> **Your assignment**:
Your copy should match the listing word for word, apart from the pictures, which are left out.

> **Given material**:
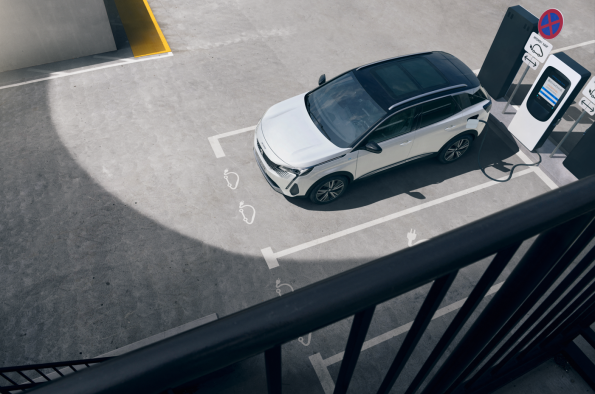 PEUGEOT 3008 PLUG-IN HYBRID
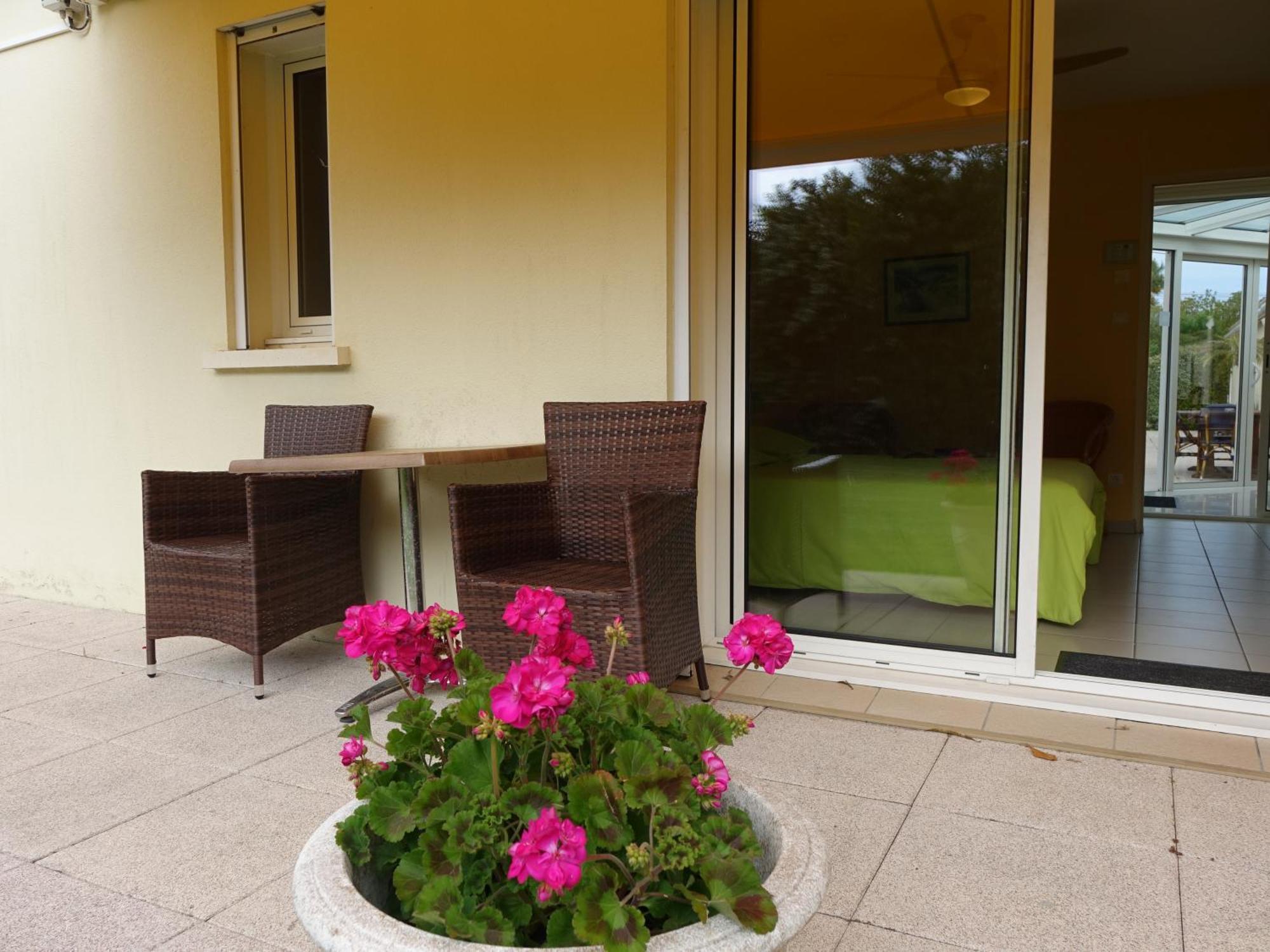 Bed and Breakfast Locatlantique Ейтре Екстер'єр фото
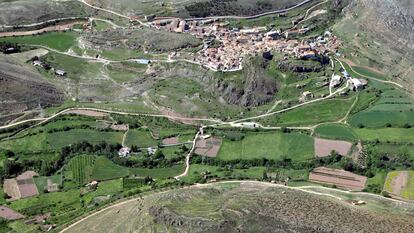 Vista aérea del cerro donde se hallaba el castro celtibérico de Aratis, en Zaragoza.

> **Your response**:
 PEUGEOT 3008 PLUG-IN HYBRID
 Bed and Breakfast Locatlantique Ейтре Екстер'єр фото
 Vista aérea del cerro donde se hallaba el castro celtibérico de Aratis, en Zaragoza.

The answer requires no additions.